The only real difference between me and most of you is that probably due to the recent ‘incident’, I really, really, really don’t give a shit at all anymore what anyone thinks or says about me. That’s why I have the courage to blog what is, in effect, my diary.
I’m not all that sure I ever really did care. But I’m certain now my persona has been elevated to a place where it was not before. It’s hard to explain. Merely surviving has landed me on higher ground. However, tax day is upon us. And it reminds me, over and over, of what a loser I am.
For my entire adult life, I have been an organized person. My paperwork was filed away in neat folders in an organized file cabinet, just the way I like it. The basis of my job for years was to organize and manage other company’s disasters. But now, my own life is a disaster, my paperwork is askew, and I feel, tragically, that I’m allergic to paper. Just touching it makes me miserable.
For nine months I have been in avoidance mode. Simply avoiding all things that stress me out, at any cost. Dave and I ran two small businesses out of our home. He was a contractor, specializing in historic renovations. His business was booming after Hurricane Katrina. I was the chaos queen. I worked on oil spills, handling finance and cost management for the spillers. Imagine my work load two years ago when there was more oil than water in the Gulf of Mexico.
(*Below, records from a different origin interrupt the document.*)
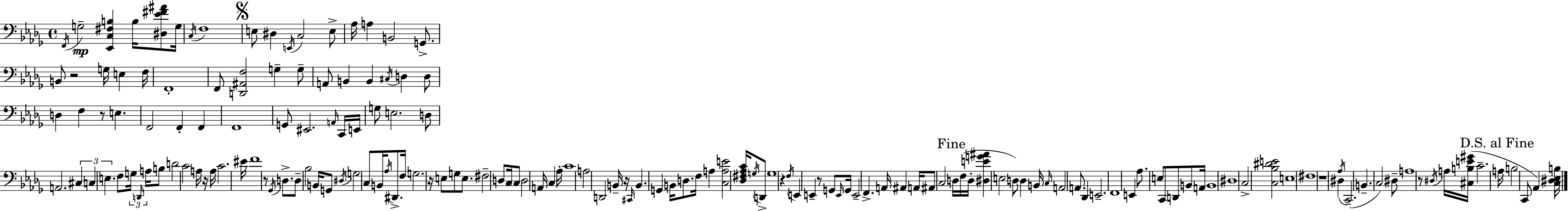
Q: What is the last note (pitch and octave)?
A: Ab2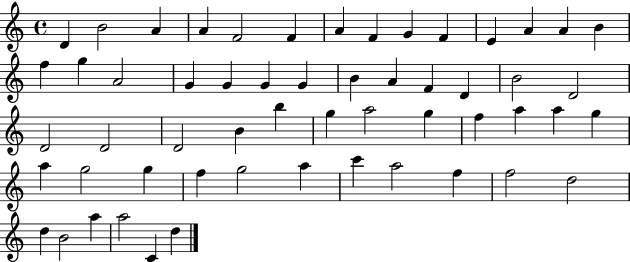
D4/q B4/h A4/q A4/q F4/h F4/q A4/q F4/q G4/q F4/q E4/q A4/q A4/q B4/q F5/q G5/q A4/h G4/q G4/q G4/q G4/q B4/q A4/q F4/q D4/q B4/h D4/h D4/h D4/h D4/h B4/q B5/q G5/q A5/h G5/q F5/q A5/q A5/q G5/q A5/q G5/h G5/q F5/q G5/h A5/q C6/q A5/h F5/q F5/h D5/h D5/q B4/h A5/q A5/h C4/q D5/q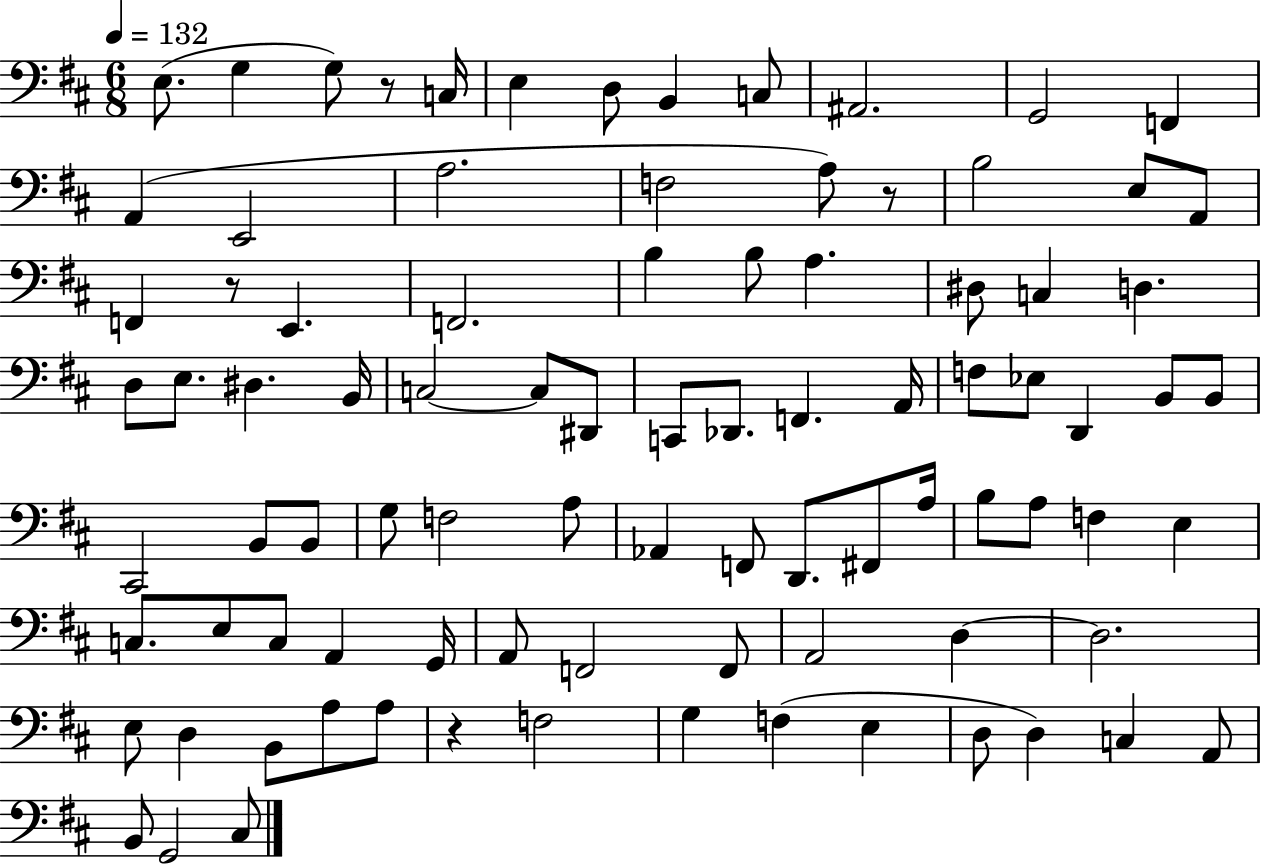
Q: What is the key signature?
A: D major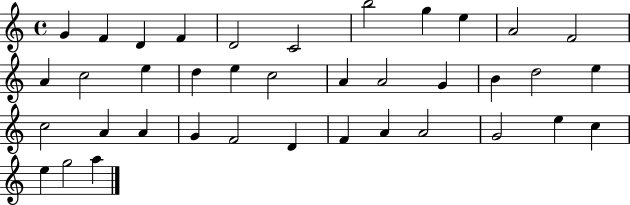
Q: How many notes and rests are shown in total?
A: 38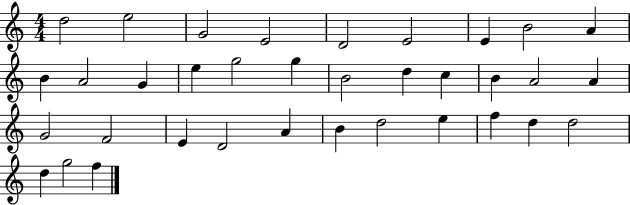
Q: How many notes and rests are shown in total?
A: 35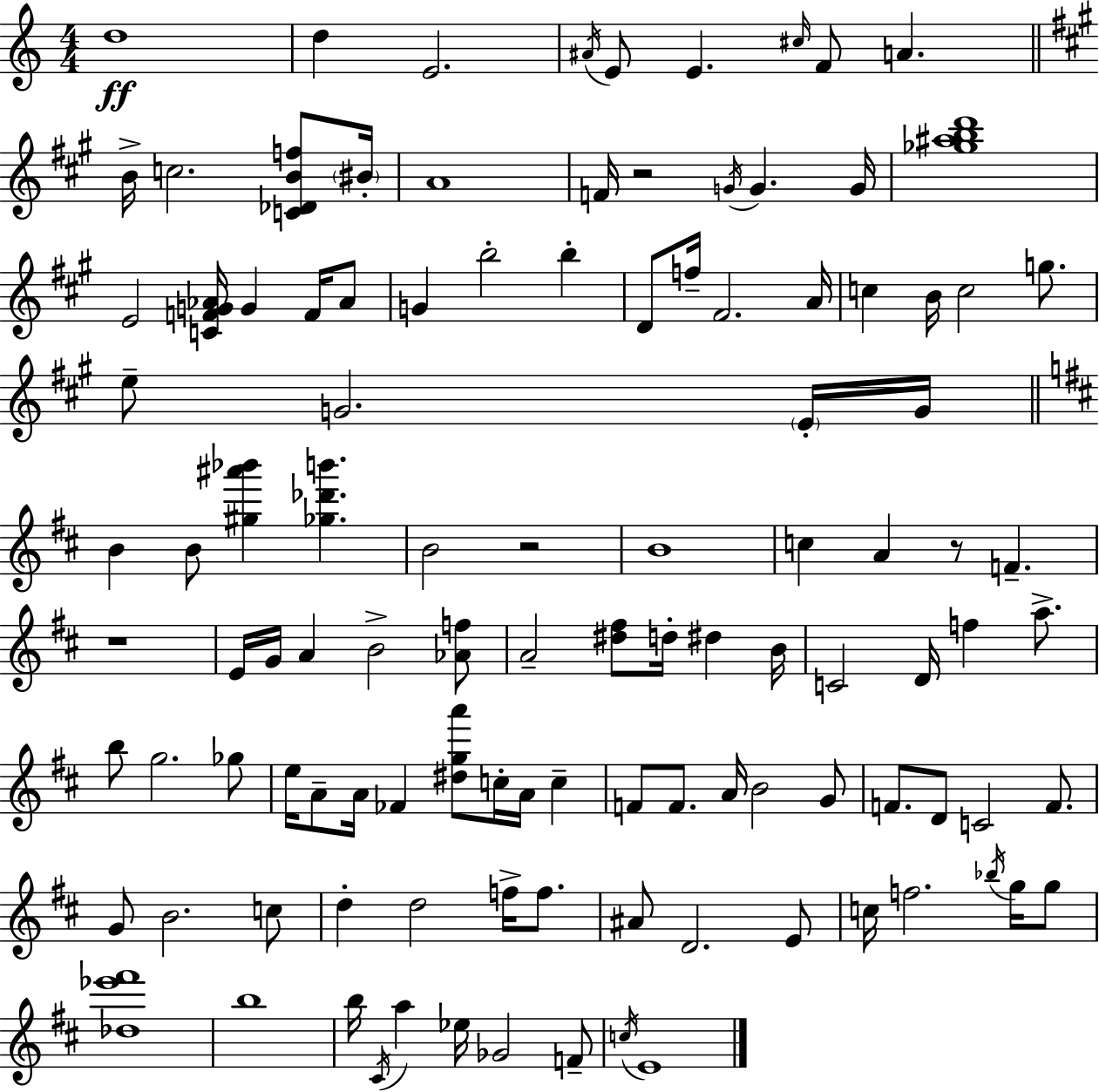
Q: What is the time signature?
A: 4/4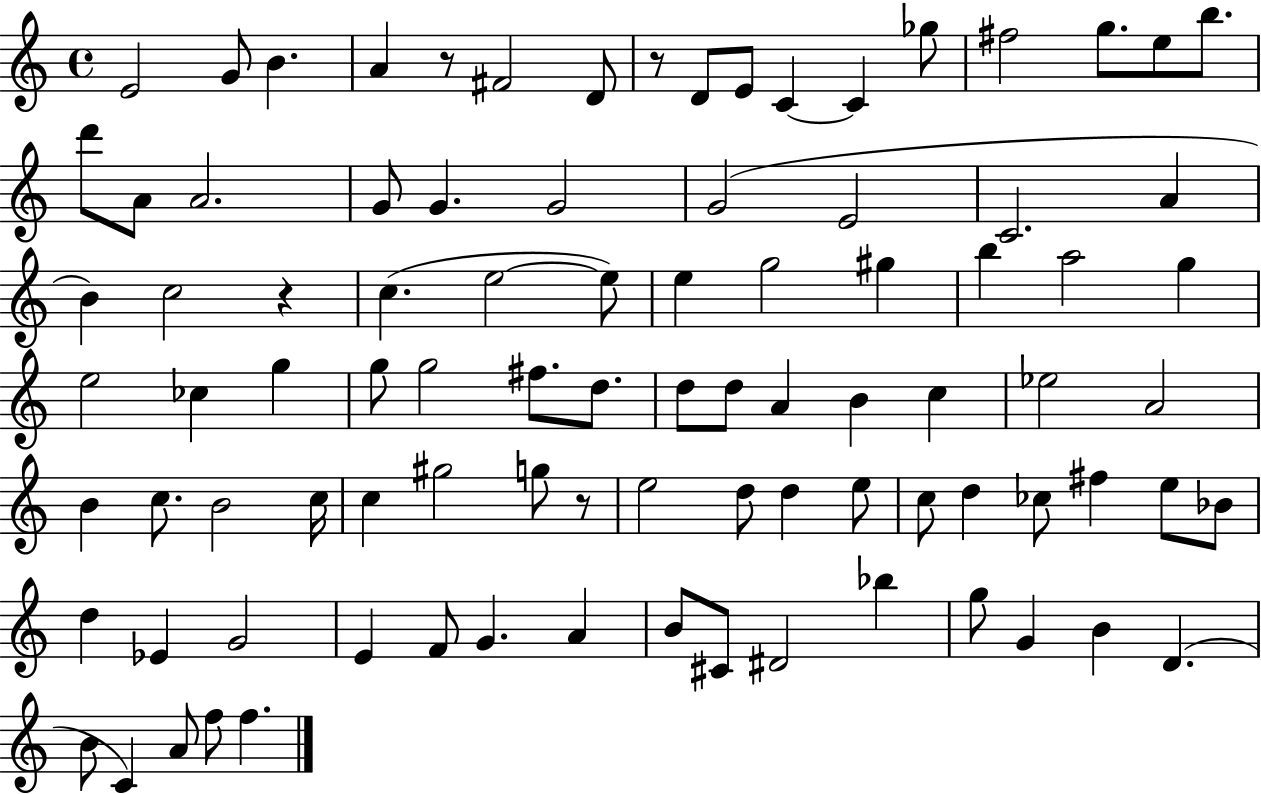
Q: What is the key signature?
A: C major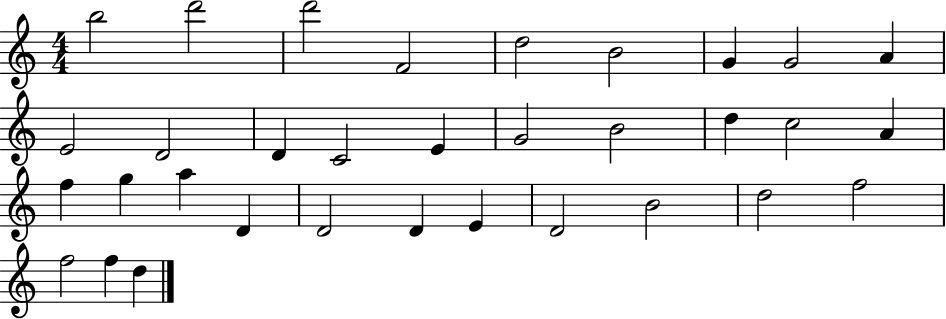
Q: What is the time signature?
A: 4/4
My unpaid job (in addition to the mommy gig, also known as third job) was to keep us both organized, handle our finances, scream about money, funnel money from one account to another, pay bills, handle taxes, etc.
Every time we spoke about money, we fought. Every time I worked on his books, we fought. At tax time, we fought. He was a mess. His filing cabinet was the seat of his truck. He lost receipts and never had a clue whether he was making money or not. This made me crazy. I fought him tooth and nail about it for 10 years. Now he’s gone. I’ve filed extensions for two years in a row. Still haven’t filed my 2010 taxes. Paid a big wad of money with the extension in 2010….and have no clue whether it was enough or not. I might owe them $10 or I might owe them $10,000. Hell, they might even owe me money. I don’t know. And, sadly….I don’t care. Because I don’t want to look at his stuff. Don’t want to touch his stuff. Don’t want to live through any of it anymore.
The reason is that the days come alive when I look back at his files, his accounts, his handwriting, his notes. And I can’t bear to relive any of those days. I know a monkey is going to jump off my back when I put all this shit to rest. I know the avoidance and procrastination weigh me down. I want to be free of it…but apparently not enough to actually look at it for long periods of time. I’m a LOSER. On Friday I was frantically issuing 1099s to some of our workers, because I’m such a loser I avoided doing them for this long.
The truth is that I didn’t want to deal with his workers either. They make me cry. They miss him so much. They cry to me. Some of them worked for him for a long time. One of them has been holed up in his mom’s home for the last 9 months, suffering from agoraphobia and unable to leave the house. I forget that this has affected other people. I forget that, outside of my little cocoon, other people are still missing him and mourning him.
My way of coping is to not think about it. Not deal with his stuff. I cleaned his desk out months ago by just dumping everything into boxes and shoving it in the closet. FAKER. People keep saying to me 'just bring the boxes to a CPA'. I wish I could. I wish filing my taxes meant just gathering W-2s, 1099s and a few other things. We don’t have those things. We are two self-employed people. Millions of dollars went in and out of our accounts over the years because of our businesses. Just so we’re clear…we didn’t MAKE that much money, it merely passed through. Keeping track of a messy, uncaring, avoiding and addicted contractor is a nightmare. And so for the last couple years, I avoided dealing with him too.
Today, I vow to start conquering this nightmare. And if I do, if I get this all neat and tidy, then, I will be one awesome motherfucker. Ya hurd me? I will be the Queen of Awesomeland.